All was going fine until I had to cut around the first outlet. Not having a wet saw, it isn't easy to cut away anything other than a straight cut on a tile. Several broken tiles and I finally got what I needed. Proceeded fairly well until I got to the very top row. You can't see in the picture but I had to cut a small amount off every single tile and I wasn't having much luck with my manual tile cutter. Ended up breaking many tiles and the cuts I did get were anything but straight or exact. Vertical cuts using a tile cutter go pretty smoothly but horizontal and especially small horizontal cuts are much more difficult. I decided I could always put up a piece of molding and so I proceeded. I was concerned about too much breakage and not having enough tiles for my project so I made do with what I had but I wasn't satisfied with the quality of the cuts.


Installed tiles
Working the one wall into the corner

I also had some tricky cuts around the window frame but I was now getting the hang of cutting tiles with the tile cutter. Figured out that I wasn't scoring the tiles hard enough. I put more pressure on the cutting wheel and the tiles were snapping much cleaner. As I moved to the second set of cabinets I found I was now able to more easily make clean horizontal cuts and I wasn't breaking many tiles. Wish I had figured that out on my first run. Oh well, I'll know for my next tiling job. Finished up the one wall and decided to call it a day.

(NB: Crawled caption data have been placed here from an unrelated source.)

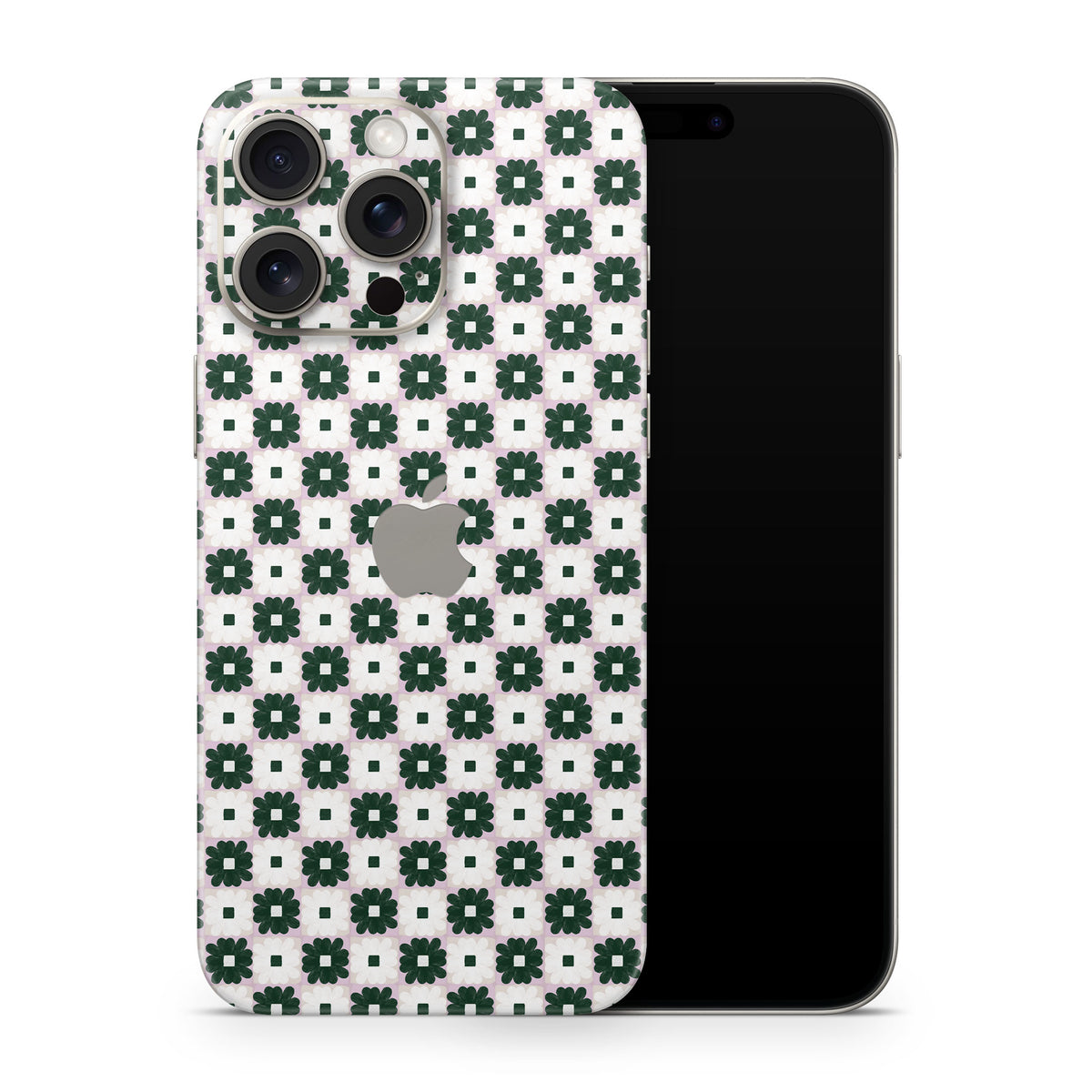 daisy quilt iphone skin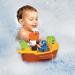 TOMY Toomies Pirate Bath Toy | Water Play Shower Baby Toy for Kids | Suitable for Toddlers & Children Boys & Girls from 18 Months - Buy Online on GoSupps.com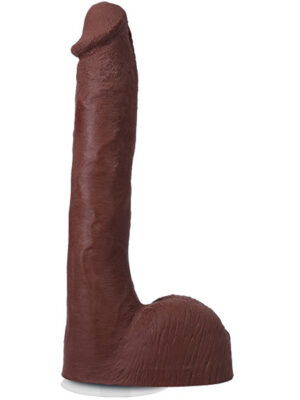 signature cocks pressure 10" cock with removable vac u lock suction cup chocolate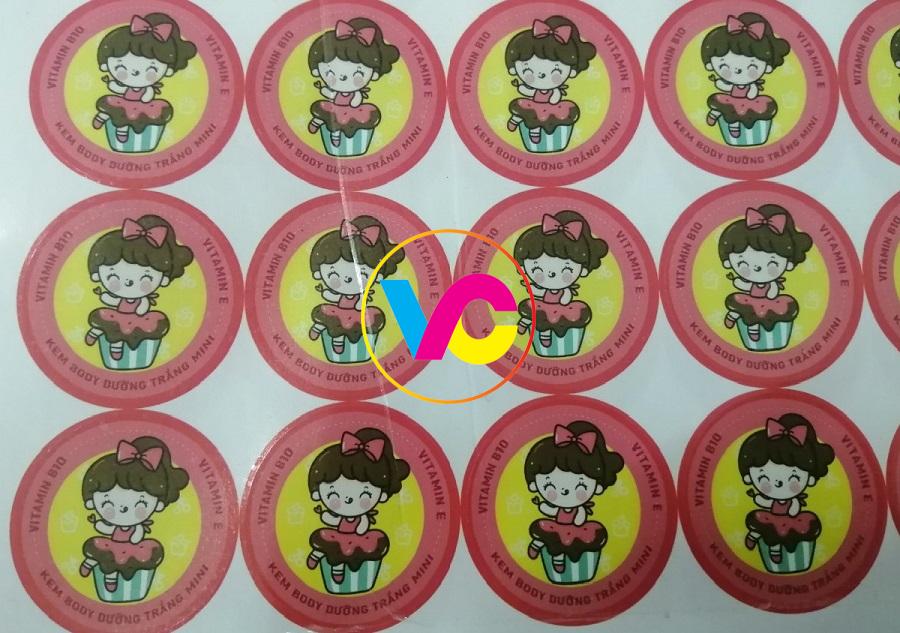 Liên hệ địa chỉ in nhãn dán Hà Nội uy tín chất lượng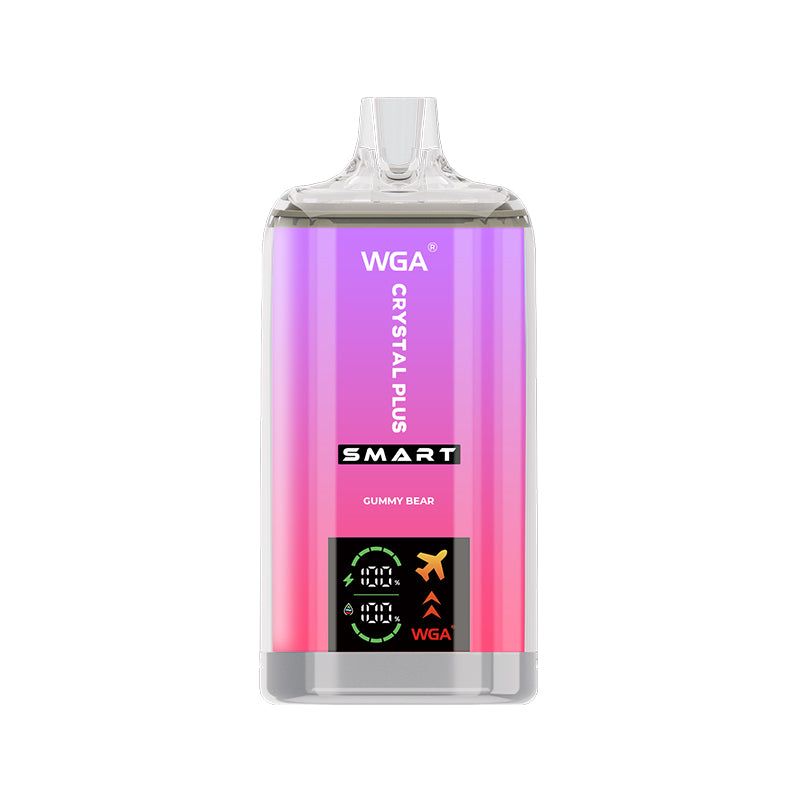 WGA Crystal Plus 16000 Puffs Disposable Vape-650mAh Battery, 27ml E-liquid, Multiple Nicotine 20 Flavors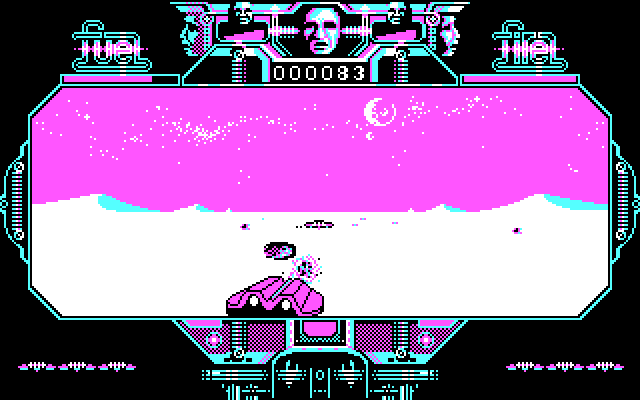 Mach 3 IBM PC/Compatibles Screenshot: Firing on opponents.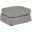 Horizon Gray Slipcovered Ottoman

Came home from work and decided to finish up the last wall. Again started at the outer end with the vertical bullnose tiles and worked my way into the corner. I figured you wouldn't see the corner so it didn't matter if the pattern didn't quite match up. This time the tiles fit exactly under the cabinets so I only had to make a few cuts under the microwave. Much cleaner finish on this wall and I finished the rest of the adhesive and tiling that evening. The whole time I was tiling I kept cardboard down on the counters and repeatedly wiped up any stray adhesive. The last thing I wanted was to damage my nice new counters.

The following weekend I planned to grout the tiles and work on the electrical. I purchased dry grout so I could add a grout sealant directly with the grout to help make it more stain resistant. I mixed a small batch and began the process. I loaded up my float with about 1/2 cup of grout and then proceeded to spread it into the grout lines. You want to push it into every space and then wipe away any excess first using the trowel and then with a slightly damp sponge. I had two sponges and a bucket of water and as you work you are constantly wiping and cleaning up the excess grout. It isn't hard to grout but quite messy. You also don't want to use too much water and don't want to wipe the grout out of the grout lines, just lightly wipe the grout off the tile surface. Again after a bit I got the hang of it.
Tiles after grout
Tiles around the window sill







Tiles around switche
Tiles into the corner




Another step in the tiling process is removing any haze from the tiles. You can just use water and the sponges and after the grout is set a bit you keep cleaning the tile surface to remove any excess grout. The guy at the tile store sold me a dehazing product that you sponge on and off that is supposed to improve the dehazing. Not sure if it is necessary but it worked great for me.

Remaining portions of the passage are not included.